Notes on Sir Alfred Clapham, architect and, it appears
an archeologist:
"one of the greatest authorities
on romanesque architecture and sculpture"...
<Http://www.benefice.org.uk/breedon-church-story/part_07.php>
- - 1912 - excavation of 'Barking Abbey' (a roman church founded 666 A.D.)
but didn't find the X [Cross?] for which he was looking. Later, in
1937 during development work around the site evidences of what he was looking
for were found, but not quite what he had been expecting to find.
- - 1910 - excavations at Barking Abbey to locate a Saxon Nunnery....
- - below excepts from Sir Alfred Clapham's book on the excavations
titled "The Castle"
ROMAN SIGNAL STATION, CASTLE, PARISH CHURCH
ROMAN SIGNAL STATION
The first occupants of the Castle headland formed a village settlement
in the early Iron Age, although the earliest visible remains are those
of the Roman Signal Station.
It was late in the Roman occupation, soon after A.D. 370 when the Signal
Station on the Castle Hill was built. These signal stations were erected
to cope with piratical raiders, but although manned by garrisons, their
prime purpose was not defence; they were intended as look-out stations
from which
warning of enemy approach could be sent along the coast
and to inland Roman garrisons.
(Source: Sir Alfred Clapham)
THE CASTLE
The remains of the
Castle dominate the town, and well illustrate the great advance in the
scale and skill of castle building effected during the latter half of the
twelfth century. The first ward is entered through a barbican, the second
across a bridge which was rebuilt in 1937-38; there was a third ward to
the north, and in the innermost, or bailey, stands the square keep, still
in part 80 feet high, with three storeys above a basement 55 feet square.

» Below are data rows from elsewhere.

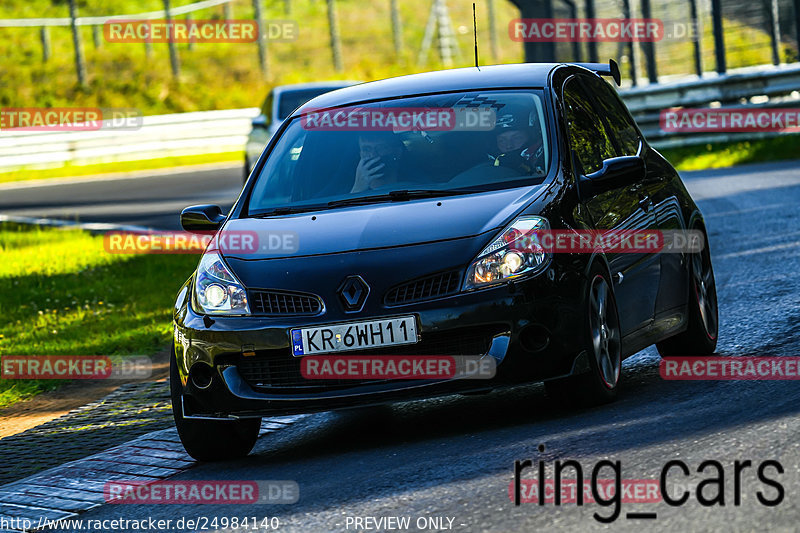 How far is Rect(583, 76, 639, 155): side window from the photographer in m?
7.80

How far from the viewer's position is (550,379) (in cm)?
625

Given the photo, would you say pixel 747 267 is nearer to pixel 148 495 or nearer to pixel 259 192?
pixel 259 192

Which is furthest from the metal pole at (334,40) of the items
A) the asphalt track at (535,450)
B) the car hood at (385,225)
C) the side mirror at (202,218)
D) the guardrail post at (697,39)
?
the car hood at (385,225)

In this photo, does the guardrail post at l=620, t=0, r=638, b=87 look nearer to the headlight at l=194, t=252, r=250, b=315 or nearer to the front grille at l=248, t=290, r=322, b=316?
the headlight at l=194, t=252, r=250, b=315

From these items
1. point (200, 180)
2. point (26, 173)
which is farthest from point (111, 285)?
point (26, 173)

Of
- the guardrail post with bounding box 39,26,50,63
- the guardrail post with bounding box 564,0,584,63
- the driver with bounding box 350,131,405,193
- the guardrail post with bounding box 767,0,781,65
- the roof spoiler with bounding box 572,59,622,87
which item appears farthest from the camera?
the guardrail post with bounding box 39,26,50,63

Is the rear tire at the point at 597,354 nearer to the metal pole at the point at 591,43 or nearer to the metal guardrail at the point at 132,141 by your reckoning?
the metal pole at the point at 591,43

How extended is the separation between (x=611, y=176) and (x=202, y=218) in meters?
2.06

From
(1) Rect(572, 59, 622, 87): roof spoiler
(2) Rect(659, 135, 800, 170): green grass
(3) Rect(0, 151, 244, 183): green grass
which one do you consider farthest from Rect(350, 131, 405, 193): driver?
(3) Rect(0, 151, 244, 183): green grass

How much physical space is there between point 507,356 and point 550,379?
241 millimetres

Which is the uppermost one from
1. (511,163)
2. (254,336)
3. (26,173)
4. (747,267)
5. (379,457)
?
(511,163)

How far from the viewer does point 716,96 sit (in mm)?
23438

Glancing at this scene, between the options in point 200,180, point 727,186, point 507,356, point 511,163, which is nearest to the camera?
point 507,356

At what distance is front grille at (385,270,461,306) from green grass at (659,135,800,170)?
53.0 feet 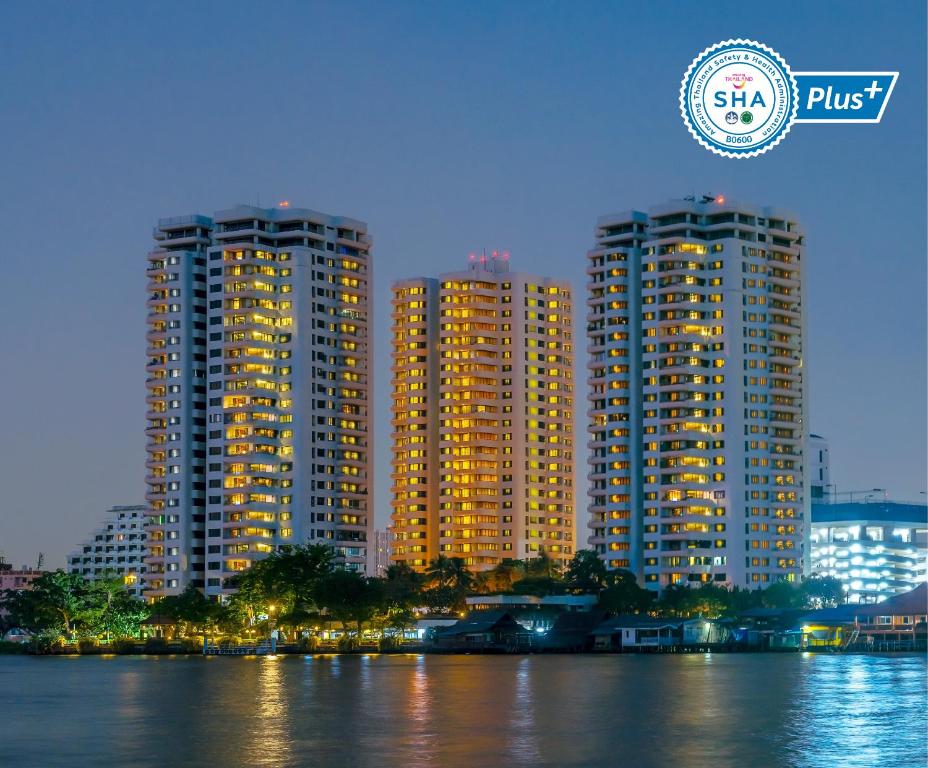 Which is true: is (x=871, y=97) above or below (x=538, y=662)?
above

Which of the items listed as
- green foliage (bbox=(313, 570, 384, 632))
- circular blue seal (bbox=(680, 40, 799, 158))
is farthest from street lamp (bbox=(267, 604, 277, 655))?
circular blue seal (bbox=(680, 40, 799, 158))

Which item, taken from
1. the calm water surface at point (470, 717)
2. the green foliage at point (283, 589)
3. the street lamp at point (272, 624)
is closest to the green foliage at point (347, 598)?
the green foliage at point (283, 589)

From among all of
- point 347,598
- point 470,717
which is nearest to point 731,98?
point 470,717

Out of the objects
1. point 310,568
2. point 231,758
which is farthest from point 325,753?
point 310,568

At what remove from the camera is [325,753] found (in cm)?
7244

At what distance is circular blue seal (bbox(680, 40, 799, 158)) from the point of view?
64.1m

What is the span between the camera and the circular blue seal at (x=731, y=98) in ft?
210

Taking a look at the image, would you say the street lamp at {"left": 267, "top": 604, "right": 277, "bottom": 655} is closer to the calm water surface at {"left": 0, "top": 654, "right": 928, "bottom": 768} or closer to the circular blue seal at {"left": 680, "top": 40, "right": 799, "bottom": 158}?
the calm water surface at {"left": 0, "top": 654, "right": 928, "bottom": 768}

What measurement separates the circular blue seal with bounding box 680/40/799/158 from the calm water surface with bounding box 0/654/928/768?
26.4 m

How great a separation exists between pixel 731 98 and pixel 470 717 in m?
40.4

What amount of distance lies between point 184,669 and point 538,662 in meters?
38.3

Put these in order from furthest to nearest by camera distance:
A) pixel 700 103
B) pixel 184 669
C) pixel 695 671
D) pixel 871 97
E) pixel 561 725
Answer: pixel 184 669 < pixel 695 671 < pixel 561 725 < pixel 700 103 < pixel 871 97

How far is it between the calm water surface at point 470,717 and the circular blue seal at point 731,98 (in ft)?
86.6

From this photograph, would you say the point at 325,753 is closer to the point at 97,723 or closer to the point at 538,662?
the point at 97,723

South-east of it, excavation in 1888 revealed foundations of a hall with
great chamber, kitchen, etc; and in 1921-25, Mr F G Simpson excavated the
plan of the chapel and other buildings near the edge of the sea-cliff.
The Roman Signal
Station was also excavated by him on this spot: it had consisted of a high
square tower within a bastioned curtain-wall, berm, and ditch, and belongs
to the well-known series of signal stations built on the Yorkshire coast
later in the fourth century, to give protection against Saxon and other
sea-raiders.
The excavations
here also revealed the pits of an Early Iron Age settlement, established
by immigrants apparently from the Low Countries at the very beginning of
the period probably within the fifth century B.C.
(Source: Mr P K Baillie
Reynolds)
The following are some landmarks in the history of the
Castle:
* Some 70 or more
years after Hardrada raided Scarborough, William le Gros, Earl of Albemarle,
who led the army of the Yorkshire Barons at the Battle of the Standard,
fought in 1138 near Northallerton, built the first Castle at Scarborough.
* King John visited
Scarborough Castle in 1201, 1210, 1213 and again in 1216. King Edward I
held court at the Castle in 1275 and, when Richard III visited Scarborough
in 1484, one of the towers on the curtain wall was occupied by the Queen.
* In all, the Castle
underwent five sieges, in 1312, 1536, 1557 and in 1644-45 and again in
1648.
* In the Civil War,
Scarborough was ultimately the only royalist port on the East Coast, and
it was not until 1645, with the garrison worn out and stores exhausted
that the Castle surrendered to Parliament.
* For more than
a year (1665-66), George Fox, the founder of the Society of Friends, was
imprisoned in the ruined Charles’ Tower of the Castle. Here he suffered
great hardships, before he was released by order of King Charles II.
* Construction
of barrack in 1746, following the alarm caused by the Jacobite Rebellion
the previous year.
* In
1914, during the Great War, the German fleet bombarded the town and Castle.
The keep was damaged and the 17th century barracks almost entirely destroyed.
PARISH CHURCH OF ST MARY
The Church of St Mary
belonged to the Abbey of Citeaux, but passed to Bridlington with the confiscation
of the property of the Alien Houses. The twelfth century church was probably
an aisle-less building and a must larger new church was begun around it
c.1180. The W. front, formerly with two towers, is the earliest part of
this structure and was followed by the nave arcades of which the arches
sit irregularly upon cylindrical piers. This may mean that the bays and
piers were inserted individually in the walls of the earlier nave. The
western part of the S. arcade has a thinner wall and a different type of
pier rather later date than the rest. The surviving S. transept was built
in the second quarter of the fourteenth century and late in the same century
the barrel-vaulted chapels were added to the S. aisle and a second aisle
was added on the N. The aisled chancel was rebuilt about the middle of
the fifteenth century. It was much damaged in the siege of the Castle in
1644-45, and ruined by the fall of the central tower in 1659; the N. transept
also fell into ruin. The present tower was built in 1669 and the outer
N. aisle in 1848-50. In a detached part of the burial ground is buried
Anne Brontë, who died on 28 May 1849 aged 28.